===== Source records =====

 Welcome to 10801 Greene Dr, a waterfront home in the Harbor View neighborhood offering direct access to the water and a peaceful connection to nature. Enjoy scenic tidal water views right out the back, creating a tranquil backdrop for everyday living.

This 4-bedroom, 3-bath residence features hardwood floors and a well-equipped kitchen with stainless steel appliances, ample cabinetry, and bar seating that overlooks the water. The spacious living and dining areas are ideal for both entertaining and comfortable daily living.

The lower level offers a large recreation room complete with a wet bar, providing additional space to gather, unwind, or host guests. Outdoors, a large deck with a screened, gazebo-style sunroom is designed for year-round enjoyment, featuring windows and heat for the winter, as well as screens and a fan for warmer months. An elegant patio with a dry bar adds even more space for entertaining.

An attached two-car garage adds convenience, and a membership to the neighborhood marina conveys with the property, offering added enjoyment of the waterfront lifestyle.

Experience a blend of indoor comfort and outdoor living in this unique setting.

=====
===== Source records =====

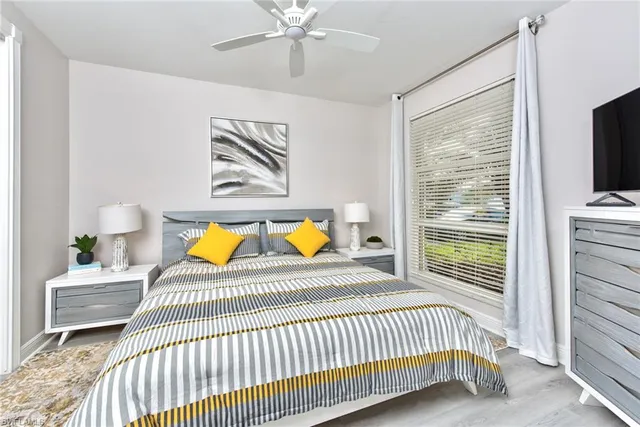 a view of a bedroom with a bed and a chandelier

=====

Problem requirements:
Counting only lines above that contain the string "entertaining", report how many there are and write nothing further.

Answer section:
2